The Thousand and One Nights: Abridged, Restructured

Jeff Stephens Dr. Swenson English 2111 11-22-11 The Thousand and One Nights: Abridged, Restructured, but Ever Lasting You may have read the story many times; you may have even watched the live-action movie or animated film, but only a few have been able to discern the unique traits inherent in The Thousand and One Nights. Willis G. Regier, a writer for World Literature Today, wrote that “the Nights has been read, admired, studied, illustrated, adapted for the stage, and Disneyfied” (321).

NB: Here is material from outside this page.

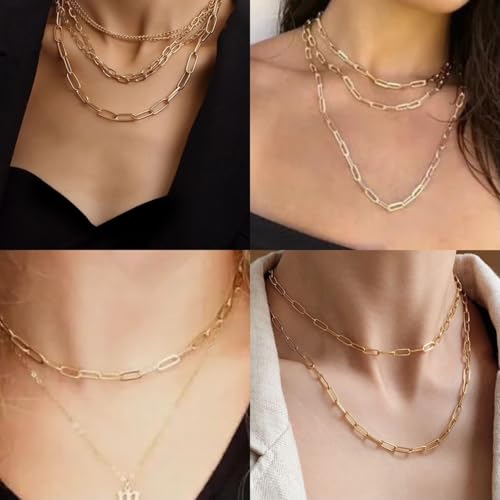 Crisjanggo 16 feet Jewelry Making Chains 14K Gold Plated Brass Paperclip Necklace Bracelet Chains for Women Men Jewelry Making with Jump Rings and Lobster Clasps - color: Paperclip Gold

The traits that I would like you to remember are how I used interruption to structure the story and how I implemented love within the stories to help me win back King Shahrayar’s trust and pacify his fear of psychosexual replacement. While telling the king stories of grandeur and impossibility, I snuck in little snippets of truth and morality. Richard Burton, once said, “Without the nights, no Arabian nights,” by which he meant that in dividing the story into separate evenings it was given structure and without that structure The Arabian Nights would be no more than a collection of short stories (qtd. n Van Leeuwen 183). Burton could not have been any more correct. However, I would also like to point out that without the nights themselves, my own story would have ended long before the king changed his mind in the case of my death sentence. Structure in a story like The Arabian Nights is like the branches of a tree that bears fruit; not every branch will produce the fruit, but all the branches will have leaves to help collect the energy to make the fruit.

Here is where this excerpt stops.